From the Waterfall chart you just want to take the idea of using a stacked bar diagram with "invisble" bars.

My bars without fill/border is the time of day that I am awake which is calculated from "Go to sleep at - Woke up at" (number 3 in the above). And then my filled bars, time spent asleep, would be the Rise/Fall values.

[–]ElectedTulip462 4 points5 points  (1 child)

How would someone with little experience in this kind of field go about learning and creating graphs etc.?

[–]PelusterianoViz Practitioner 2 points3 points  (0 children)

Here's a copy+paste for a similar question. Original here.


Which of the following are you looking for?

a. Learning how to use a software to process and visualize data.

b. Learning the principles of data visualization (which chart should you use given the nature of your data)

c. Learning statistics to have a better idea of what the data means.

d. All of the above.

For (c), check the courses offered at Coursera, at edx, and the Khan Academy crash course.

You can say you've got a basic understanding of statistics when you know about: randomness, classic probability, bayesian probability, samples, data distribution, average/mean, mode, median, parametric statistics (based on a normal distribution) like t-test, Z-test, Pearson's correlation, one-way ANOVA two-way ANOVA, statistical inference. Then it moves to non-parametric statistics (non-normal distributions).

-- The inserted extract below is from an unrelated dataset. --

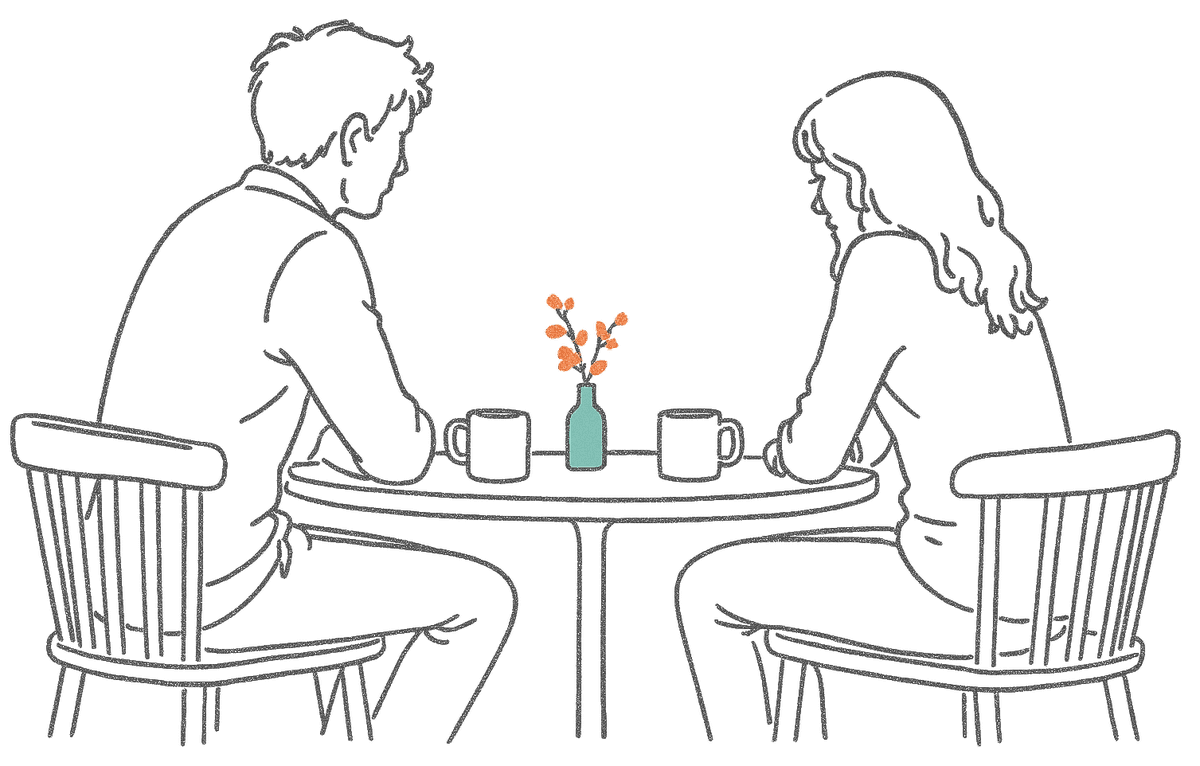 Line drawing of a couple sitting quietly either side of a small table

The most important part here is having a "statistical mind". Besides a regular textbook, I recommend "How to lie with statistics".

For (b) check the books by Edward Tufte, specially "The visual display of quantitative information", and learning about good graphic design principles, we also have some info at our wiki.

For (a) I recommend looking for courses on MS Excel (mainly to process data, not displaying it), R (to process and display), d3js (if you want to make dynamic and interactive displays), python (to process and display), Tableau (it's getting quite popular), etc.

Finally, I recommend you familiarize yourself with different types of data visualizations, for that I recommend this article and this site, and visit sites for dataviz for inspiration and ideas: Dark Horse Analytics, Five Thirty Eight, Minimaxir, several github.io profiles like Colin Morris or Zonination.